It often seems that some of my best blogger thoughts are posted in the response threads at Geoff Klock's blog. So I'm going to refashion one of them and post it here. (Geoff: It's not a proprietary thing - I'd just like to be able to access it on my own blog, labeled so that I can easily find it if I need to.)
The article Geoff posted was from Slate, and expressed a powerful anxiety that the writer, Matt Feeney, felt toward the habit of audiences and critics to label as homoerotic those "films that offer idealized portraits of heroic masculinity." Feeney's argument immediately begs the question, though it's a good one and a question that probably needs to be asked more often in popular writing - what does "homoerotic" mean, anyway? It's clear from Feeney's usage - and made all the more clear by his not-so-subtly-homophobic closing sentence - that homoerotic here is simply a synonym for gay, even though it's also perhaps suggestive of some higher aesthetic aim.
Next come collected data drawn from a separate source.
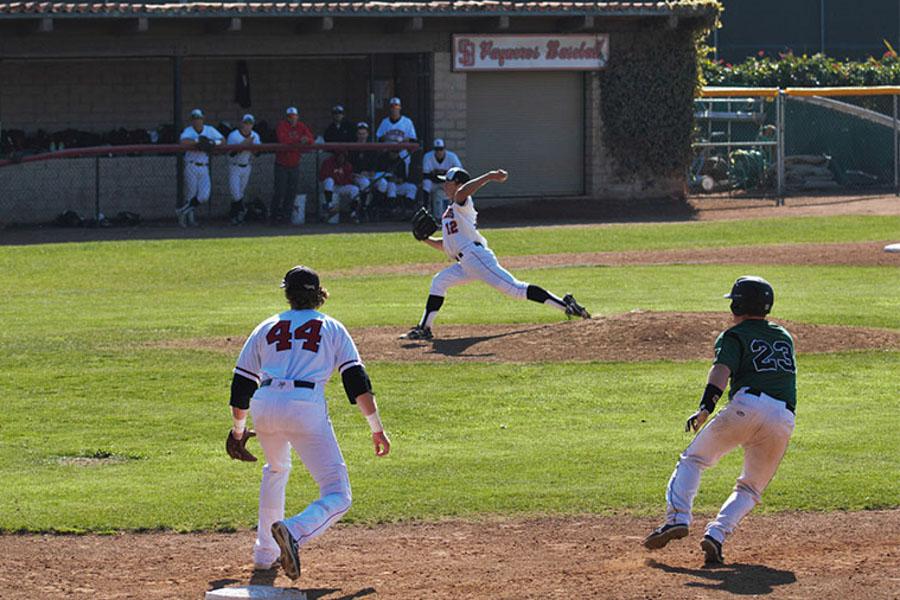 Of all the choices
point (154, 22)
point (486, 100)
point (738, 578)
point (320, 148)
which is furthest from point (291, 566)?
point (486, 100)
But homoeroticism and homosexuality should not collapse so easily into one another. Eve Sedgwick, in "Between Men", writes that “[f]or a man to be a man’s man is separated only by an invisible, carefully blurred, always-already-crossed line from being ‘interested in men", and it's this thin line that Feeney can't make sense of. According to Sedgwick, while terms like homosocial, homosexual, and homoerotic have phonic and linguistic similarities, they can't be substituted for one another. The ease with which they're mistaken for one another is explicable, to be sure - they're different points on the same continuum, Sedgwick argues - but such mistakes are expressive of a tremendous loss of meaning and create some serious confusion. A quick example: the act of celebratory ass-slapping in sports is certainly expressive of homosociality, and they may even have a certain homoerotic element, but there is certainly nothing necessarily homosexual about it. Collapsing these 'invisible, carefully blurred' boundaries also restricts our ability to be precise in our own speech. Another brief example: Because these boundaries exist, tenuous as they may be, I can say "Jude Law is hot" without actually meaning "I would like to fuck Jude Law." But according to the logic that Feeney appears to employ in the article, to say one would be to necessarily imply the other. Some room for negotiation is clearly required.
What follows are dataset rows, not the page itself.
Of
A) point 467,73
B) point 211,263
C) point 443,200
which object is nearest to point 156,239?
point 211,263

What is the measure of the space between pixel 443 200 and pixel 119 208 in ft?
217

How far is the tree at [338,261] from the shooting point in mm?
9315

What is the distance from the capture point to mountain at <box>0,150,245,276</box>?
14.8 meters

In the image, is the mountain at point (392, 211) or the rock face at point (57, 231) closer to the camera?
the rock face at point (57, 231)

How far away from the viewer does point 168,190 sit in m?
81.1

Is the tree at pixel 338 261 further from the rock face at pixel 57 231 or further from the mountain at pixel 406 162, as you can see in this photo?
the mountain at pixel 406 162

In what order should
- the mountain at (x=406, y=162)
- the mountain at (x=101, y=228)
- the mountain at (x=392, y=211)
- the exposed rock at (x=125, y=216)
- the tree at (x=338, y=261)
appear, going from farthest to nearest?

I may, in fact, be giving those critics that Feeney is responding to a bit too much credit. It's entirely likely that their usage of homoerotic is equally crude and is derived mostly - if not entirely - from the Athenian historical record regarding the sexual practices of Spartan soldiers. Which isn't to say that they're wrong to note that "300" is homoerotic, but rather that they're right for the wrong reasons. (I'm also tempted to write something about Feeney's unwillingness to allow audiences to construct their own meanings - even when those meanings may be radically opposed to authorial or directorial intention - but that would seem like overkill, wouldn't it?)